What you return should be the full listing, word for word, without a single image.

Data provided:

== Segment start ==

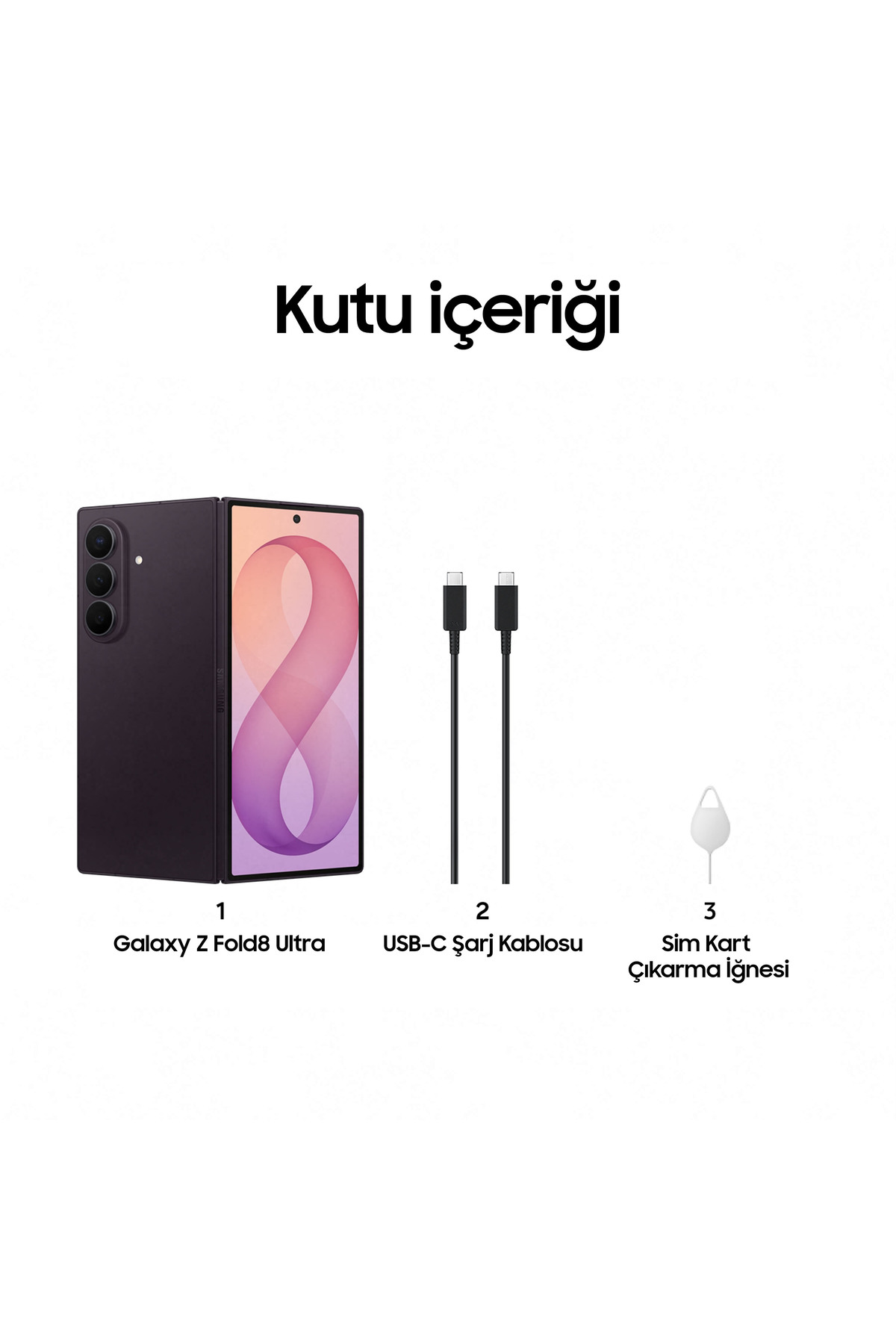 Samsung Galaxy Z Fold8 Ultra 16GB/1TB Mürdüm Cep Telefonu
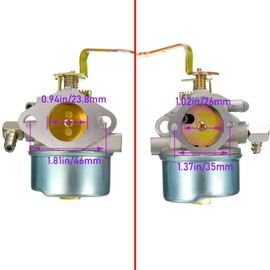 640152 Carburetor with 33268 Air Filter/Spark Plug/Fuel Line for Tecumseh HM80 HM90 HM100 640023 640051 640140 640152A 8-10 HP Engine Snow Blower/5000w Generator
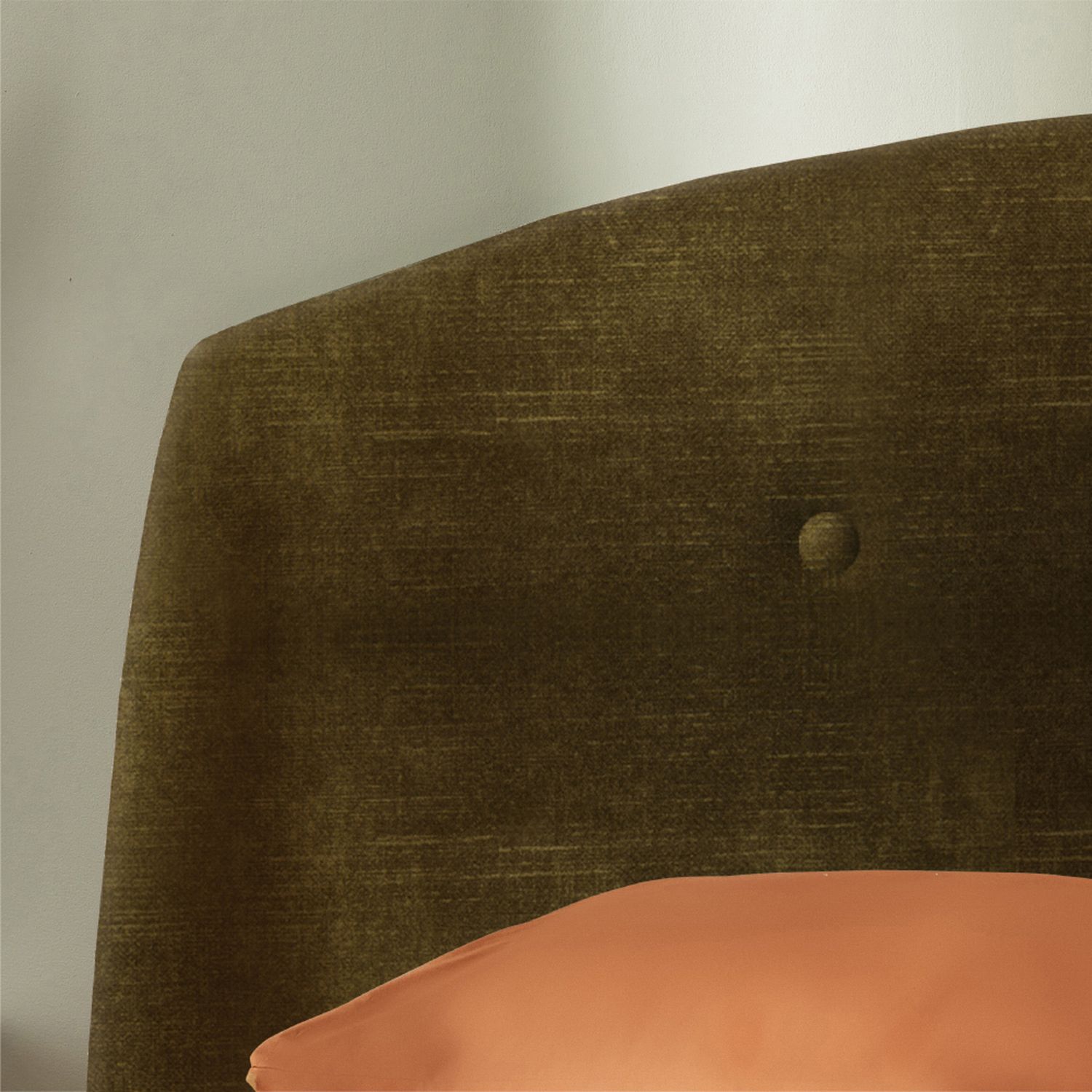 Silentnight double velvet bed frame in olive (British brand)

== Segment end ==

Result of this exercise:
 Samsung Galaxy Z Fold8 Ultra 16GB/1TB Mürdüm Cep Telefonu
 640152 Carburetor with 33268 Air Filter/Spark Plug/Fuel Line for Tecumseh HM80 HM90 HM100 640023 640051 640140 640152A 8-10 HP Engine Snow Blower/5000w Generator
 Silentnight double velvet bed frame in olive (British brand)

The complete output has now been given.